Bad Bey 6
“Mau ngapain kita masih di sini sih, Bey?”
Akmal menyikut Bey yang tengah bersandar di tembok luar Masjid, asyik menekan tombol 2, 4, 6, dan 8 yang sudah memudar dengan dua ibu jarinya secara bergantian. Cekatan. Layar ponsel kuningnya menampilan sebuah garis bergerak yang meliuk-liuk, bergerak ke kiri-atas-bawah-kanan secara sebarang, di mana ukurannya semakin lama semakin memanjang.
“Bey! Woy! Lo di sini cuma selonjoran sambil maen game, kan? Mending balik basecamp aja!”
“Yah … lo pulang aja kalau emang mau pulang! Sana! Sana!” usir Bey tanpa sedikit pun menoleh pada Akmal yang tengah menatapnya jengkel.
“Yeeehhh … seenaknya aja lo minta gue pulang. Lo nyuruh gue pulang jalan kaki? Kan tadi pagi gue nebeng sama elo. Gimana sih?”
“Tinggal naek angkot aja apa susahnya sih!”
Akmal manyun. “Gak asyik lo! Gua pulang! Harusnya gue gak ikut jum’atan aja sekalian.”
Bey biarkan Akmal pergi dengan sesekali memerhatikan temannya itu melangkah menjauh dari Masjid. Seiring suara ramai yang berasal daru Masjid mulai terdengar.
Bey menguap tak lama setelahnya. Rasa kantuk yang tiba-tiba merongrongnya sekuat tenaga ia tepis dengan fokus bermain game. Telinganya ia pusatkan mendengar keramain dari arah dalam Masjid, terkadang terdengar nyaman di telinga, namun tak jarang ada suara-suara ganjil yang mengganggu.
Tak kurang dari dua jam lamanya Bey bertahan di luar Masjid. Sendirian. Ketika ia melihat beberapa siswa keluar dari Masjid, Bey langsung bersedekap. Dua tangannya ia angkat ke udara; menggeliat beserta erangan keras. Ada senyum di wajahnya terurai ketika melihat Atqi juga keluar dari sana.
Dengan cepat Bey bangkit, ia hampiri Atqi yang sedang duduk berjejer dengan tiga temannya di luar Masjid. Masing-masing sibuk mengenakan sepatu.
Menyadari Bey berdiri depan mereka, Maya dan Airin langsung memasang mata waspada. Lebih tepatnya melotot tajam.
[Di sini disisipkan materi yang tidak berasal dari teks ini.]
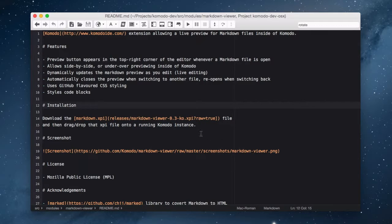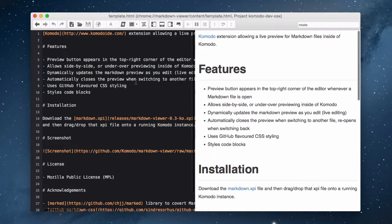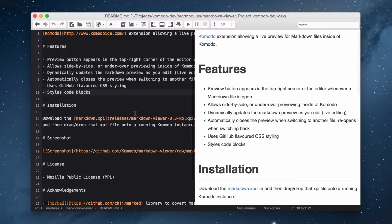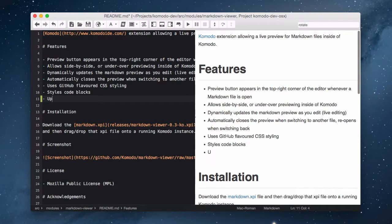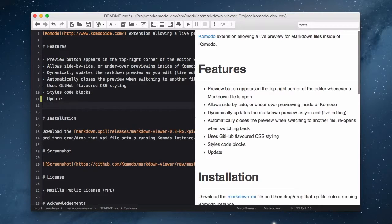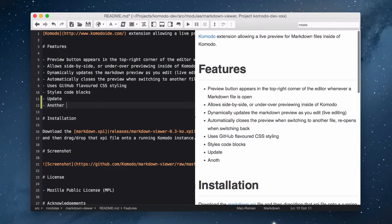Simply open any file that has a markdown association and hit the markdown button in your toolbar. The editor will split into two and show you your preview. When you edit your markdown code, the preview will automatically update. That's really all there is to it. Hope you guys enjoy.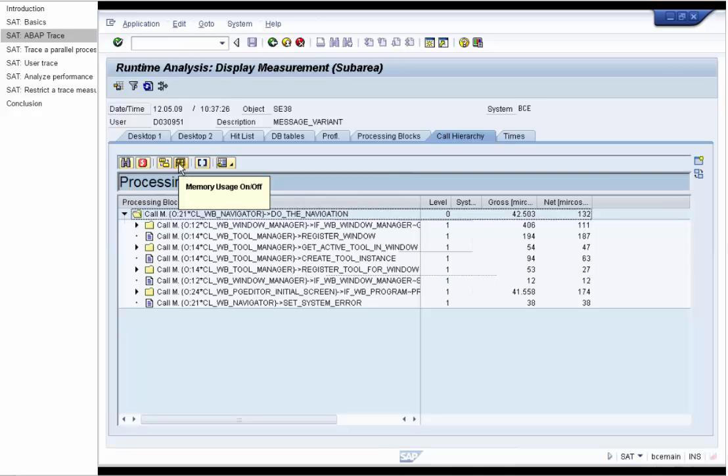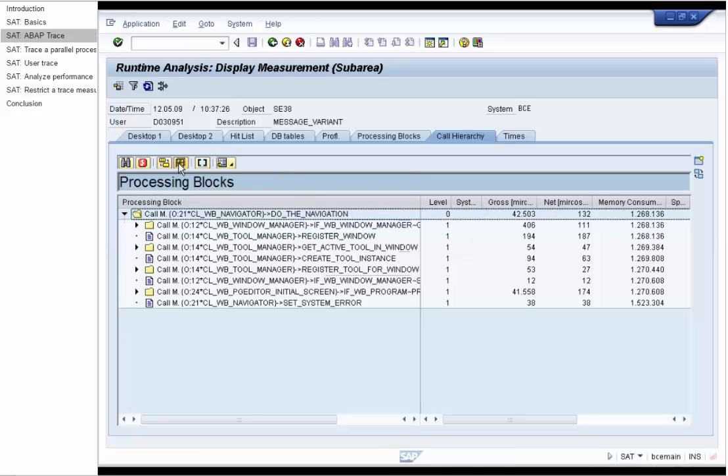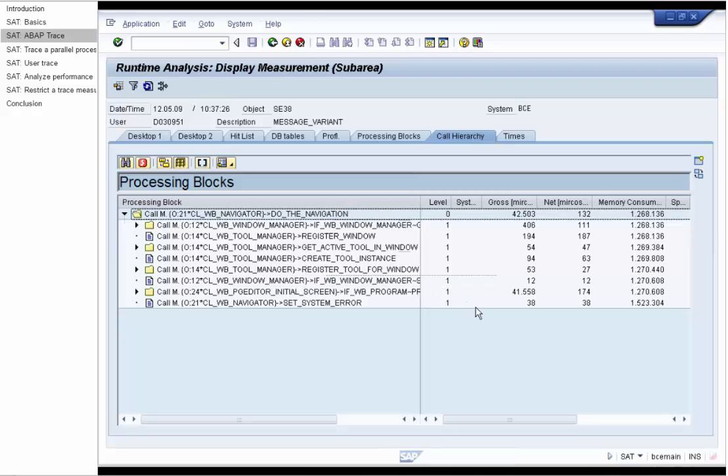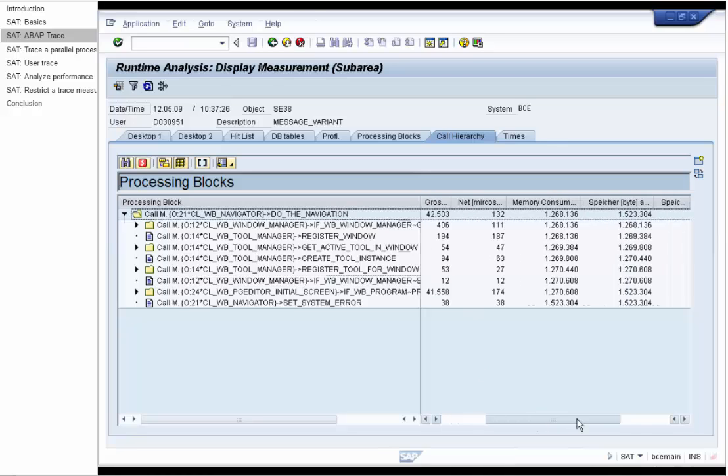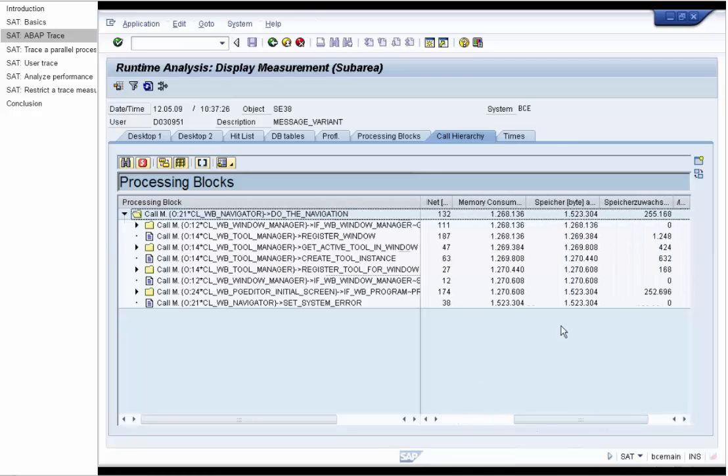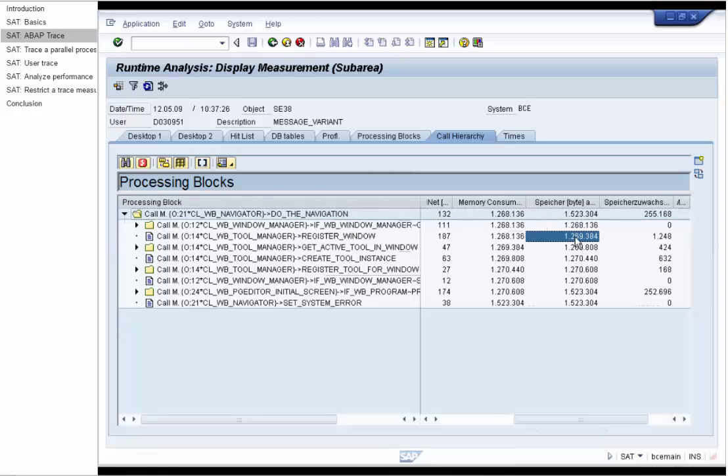We have also measured the memory consumption and can display it now. The memory consumption will be displayed in the beginning and in the end of the processing block. In this way you can find performance and memory hotspots in the ABAP application with SAT.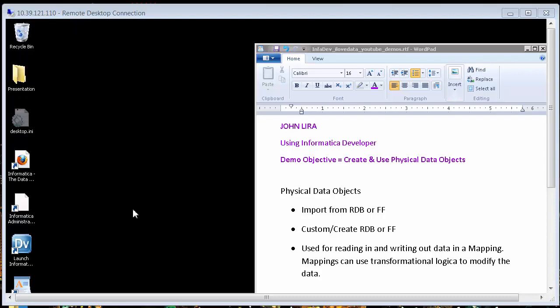Welcome. I am John Lira, and in this demo I will be using the Informatica Developer to show you how to create and use physical data objects. Physical data objects can be brought in by importing them from relational databases or flat files, or creating them yourself as either relational or flat files, and they can be used for reading in or writing out data in a mapping. Mappings, of course, can have transformational logic to modify the data. Let's get started.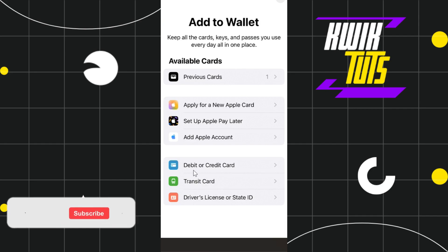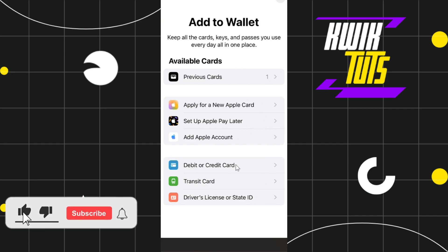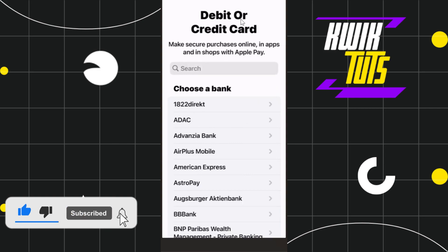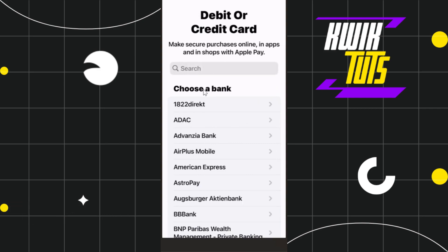You need to tap on the option which is 'Debit or Credit Card', and then you will be redirected to the debit or credit card section. Here you will be asked to choose a bank account. Among the given options, you just have to search for CIMB — you can use the search bar and simply type 'CIMB'.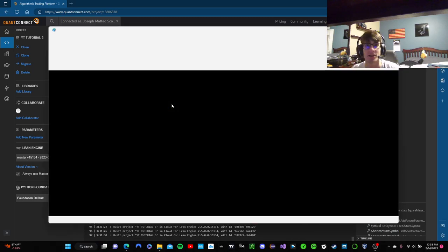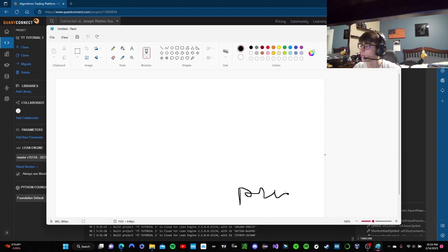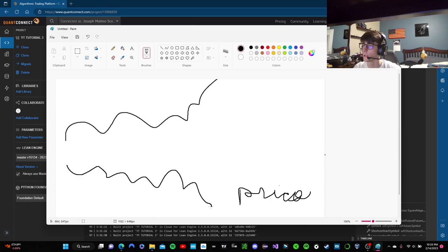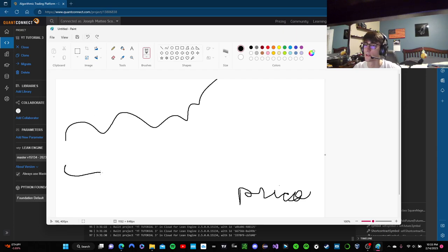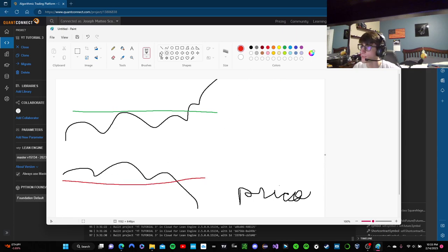What is the strategy? Before we get into the code — let's say the black line is price. Over the past 20 days, that's our rolling window. For our long condition, what we're going to look at is if in the past 20 days we see a break above the high. For short conditions, we see a break below the low.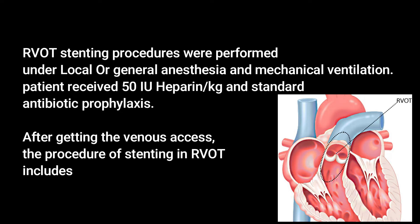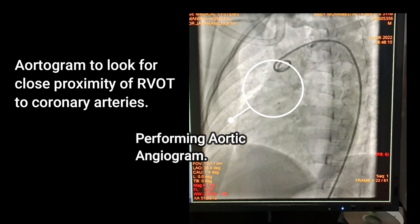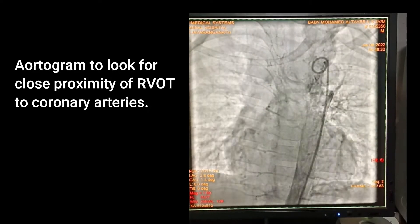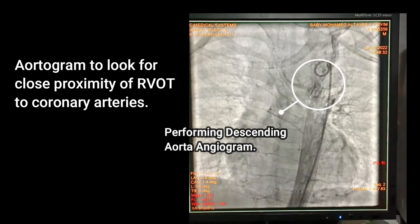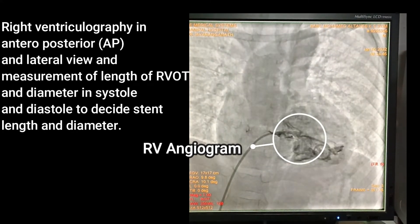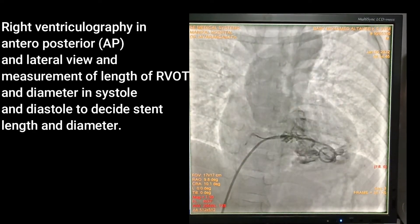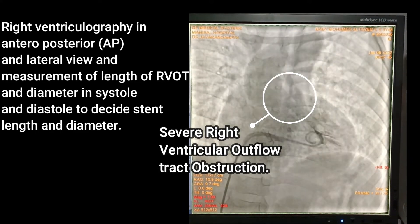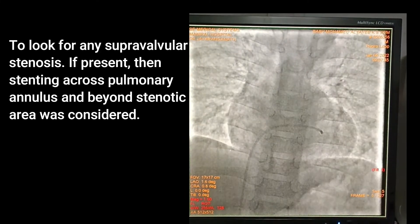the procedure of stenting in RVOT includes an aortogram to look for close proximity of RVOT to coronary arteries. Right ventriculography in antero-posterior and lateral view, and measurement of length of RVOT in diameter in systole and diastole to decide stent length and diameter, and to look for any supravalvular stenosis. If present, stenting across the pulmonary annulus and beyond the stenotic area was considered.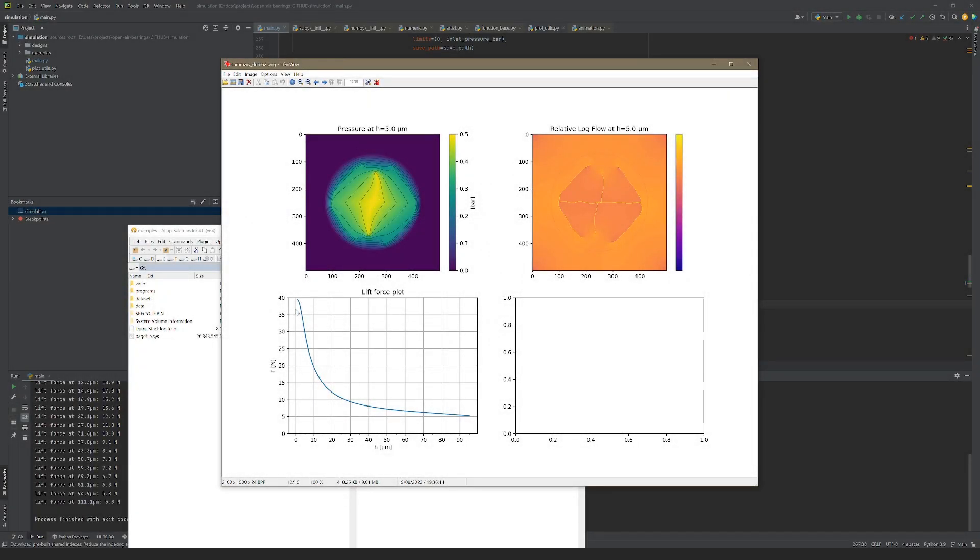The new design is much better. It has a dramatically improved lifting capacity and a region of high stiffness around 5 micrometer gap height. Remember, the slope of the lift force curve corresponds to stiffness.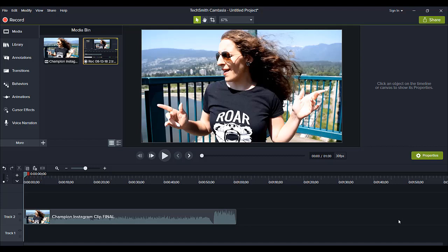Hey guys, how's it going? It's Jewel Tolentino here. In this video, I'm going to be showing you guys how to do a lyric video in Camtasia.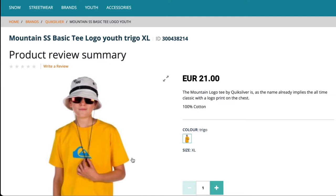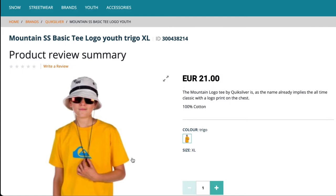This is our example webshop based on SAP Commerce Cloud, presenting a sample t-shirt product. Its current price, as you can see, is 21 euros. Our price strategy is based on matching the prices of our key competitors. Now let's imagine a situation where our key competitor has reduced the price of the same product and we need to match it to stay competitive in the market.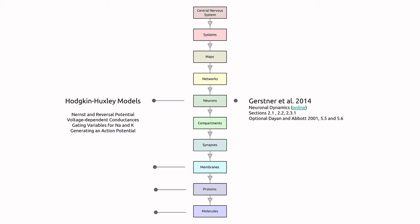We will then put these descriptions together into a cell-level model of membrane voltage dynamics. The readings from this lecture come from Gerstner's Neuronal Dynamics book, Sections 2.1, 2.2, and 2.3.1, with optional reading from Dayan and Abbott, Sections 5.5 and 5.6.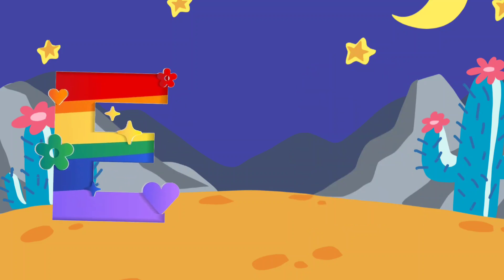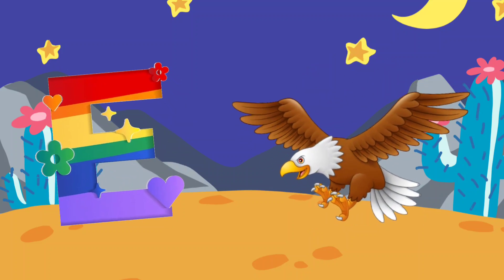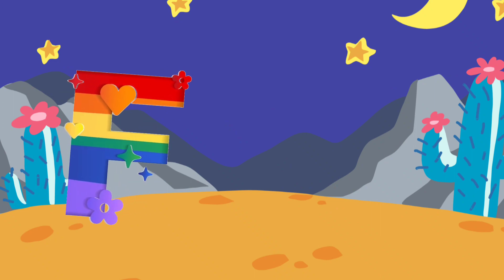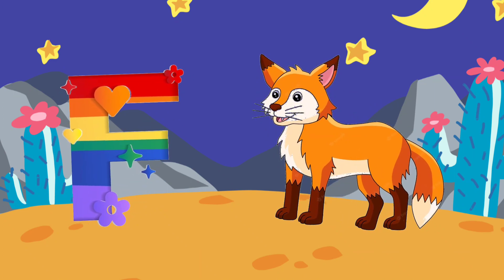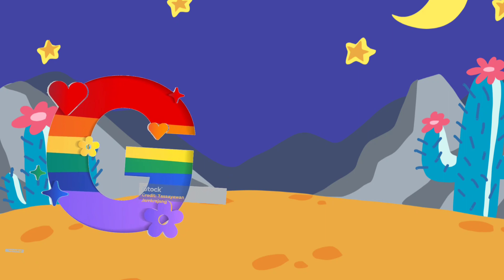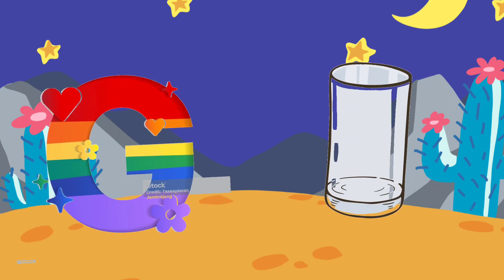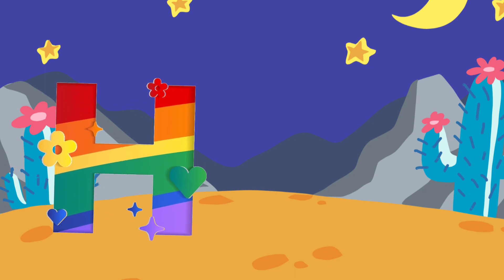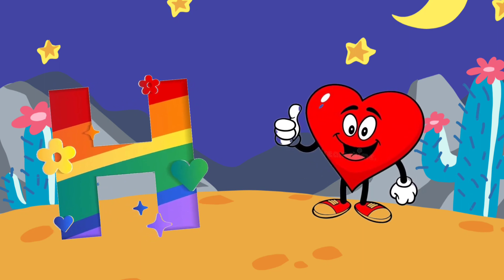E. E is for Eagle. F. F is for Forks. G. G is for Glass. H. H is for Heart.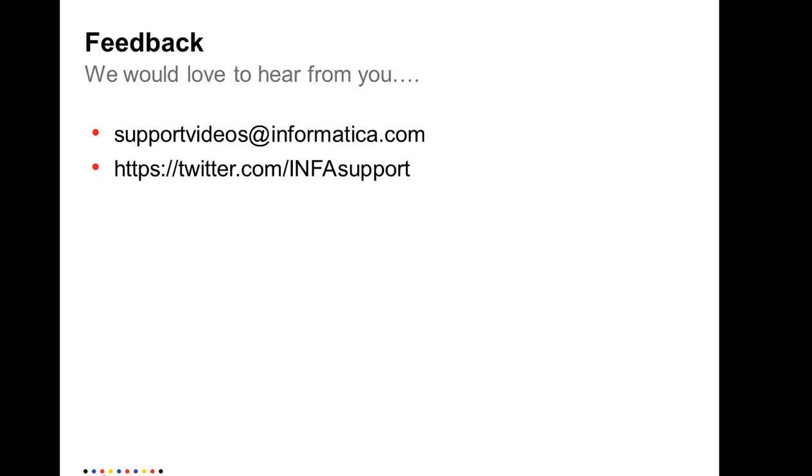Thank you. We would love to hear from you on any suggestions. Thank you.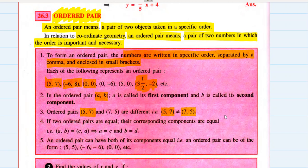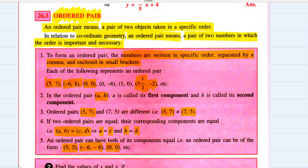Two ordered pairs are equal only if their first and second components respectively are equal — that is, (a, b) = (c, d) only when a = c and b = d. An ordered pair can have both components equal, like (5, 5), (−6, −6), or (0, 0). In these cases, interchanging the components makes no difference.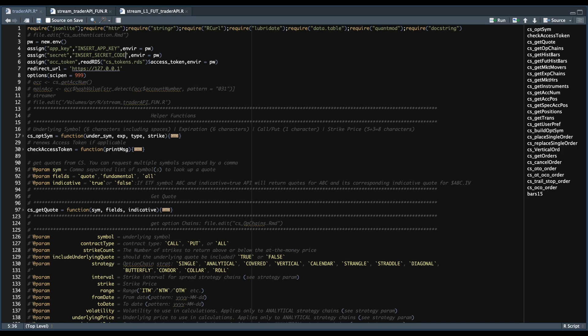Hey guys, welcome back to the channel. In today's video, I'm going to be showing you guys how to stream directly into a database, specifically into an SQLite database via R. We're going to be using the Schwab API to request level one data for futures, but you can use a similar approach if you want to use a different streaming service.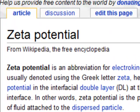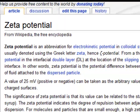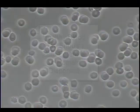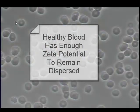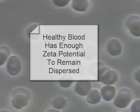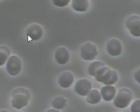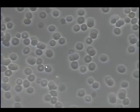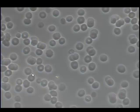Zeta potential is the property of particles in a fluid to remain dispersed or separated. This image illustrates a sample which has a reasonably good zeta potential. Most of the erythrocytes are separated and have a good charge distribution or halo around them, indicating that there is sufficient electrostatic repulsion to maintain separation.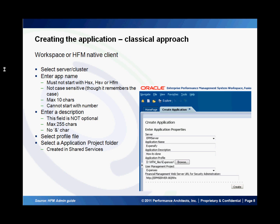The application name can be a maximum of ten characters and cannot start with a number. Next you specify the description, which can be a maximum of 255 characters. Then you specify the profile file that you just created and you specify the application project folder in Shared Services that this application is going to be registered in. You click on the Create button and your application is created.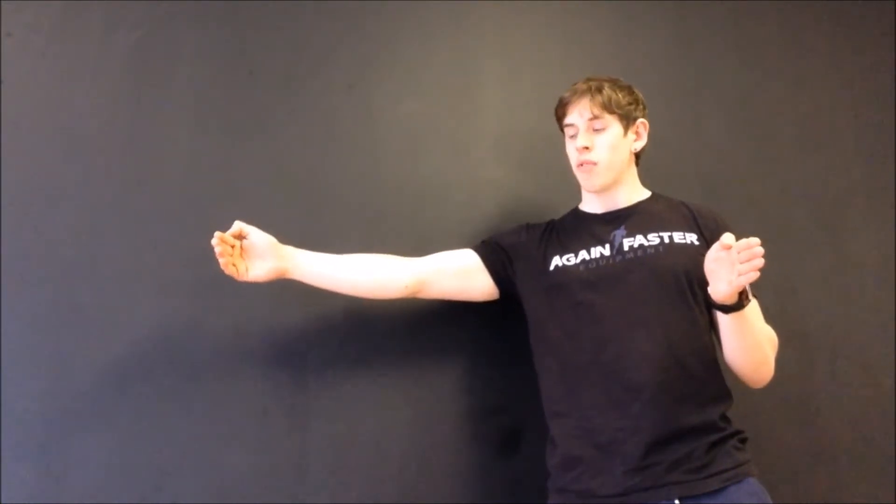On the further end of the scale, we've got people with a large amount of joint laxity. These are more the typical people that we call hypermobile.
Mereka perlahan beringsut mendekatkan diri satu sama lain. Airin yang berada tepat di samping Atqi langsung menyikut.
“Tuh! Tuh!” bisik Airin. “Pengawal hatinya nyamperin,” godanya dengan suara pelan. Takut jika Bey sampai mendengar ucapannya dengan jelas.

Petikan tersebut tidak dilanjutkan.